Ah oui, effectivement, en relisant votre message aujourd'hui, c'est une toute autre douleur que je lis. Peut-être me trompé-je encore, mais cette douleur-là, serait-ce celle de l'Ancêtre, celle de celui qui doit être le Sage, de celui qui doit porter l'histoire familiale ?
Je comprends alors mieux le mot Patriarche.

Ce ne serait donc pas la douleur de l'enfant qui pleure, mais celle d'un "vieux" qui, soudain, devient le référent, la référence, avec tout le poids d'une telle situation.

Ce serait la douleur d'être, en un sens, le dernier maillon d'une chaîne, d'avoir tout le reste de la chaîne à tenir, sans plus personne de l'autre côté.
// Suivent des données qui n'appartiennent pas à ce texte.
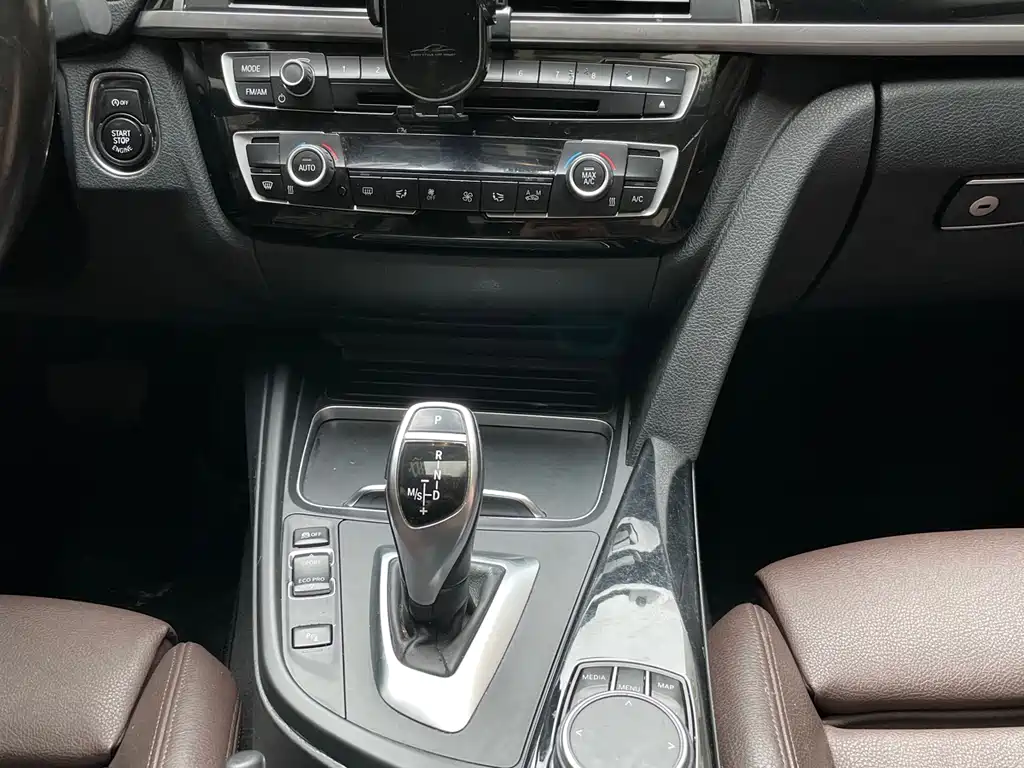 BMW BMW 3 Series 2018 320Li M Sport Package 2018 - thumbnail 18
La douleur d'être passé de celui qui reste au Futuroscope à la mort de son père à celui qui empêche son fils d'aller acheter du vernis avant l'enterrement de sa grand mère.

C'est l'idée ?

10:19  
Anonymous Anonyme said...

Mais si David,on la comprend votre douleur..elle n'est pas forcément celle que tout le monde attend,mais on la cerne...et elle a fait surgir les notres,douleurs...à l'état brut...et les mots ont dégringolé de nos claviers...on n'y peut rien,c'est plus fort que tout... votre douleur,(comme les notres), vous replonge dans la longue histoire de la transmission... vous n'avez,contrairement à nous sans doute,jamais été orphelin,puisque vous l'avez toujours été un peu...il est vrai! ...cette satané transmission,encore et toujours, c'est notre destin ! Transmission faite,non faite,défaite,refusée,non respectée ou adulée,à vous de cocher la bonne case!...aujourd'hui,le bâton vous est passé:la transmission qui cheminait à son rythme est soudainement mise à l'épreuve;elle est à réussir...ne pas casser le fil...A chacun ses mots de douleur et de pardon...OUI, dur boulot que celui de patriarche...
Bernadette

17:00  
Anonymous Anonyme said...

Jusque là contestataire et empêcheur de tourner en rond, maintenant on se retrouve garant des normes familiales...Drôle de boulot, sans doute pas celui auquel on se destinait...

18:06  
Anonymous Anonyme said...

Quand vous avez écrit Les langues paternelles, vous vous êtes chargés d'un rôle. Patriarche, c'est un full time job.

C'est marrant mon évolution à moi va vers de moins en moins de responsabilités familiales.

J'ai donné, j'ai assumé et je m'allège du rôle de Parleuse des secrets familiaux.

J'en suis à les coucher sur le papier, comme on conte des berceuses au petit, je couche l'histoire transgénérationnelle telle que je la comprends peu à peu, au fur et à mesure des lignes. Car je veux que cela cesse, ce rôle trop lourd sur mes épaules.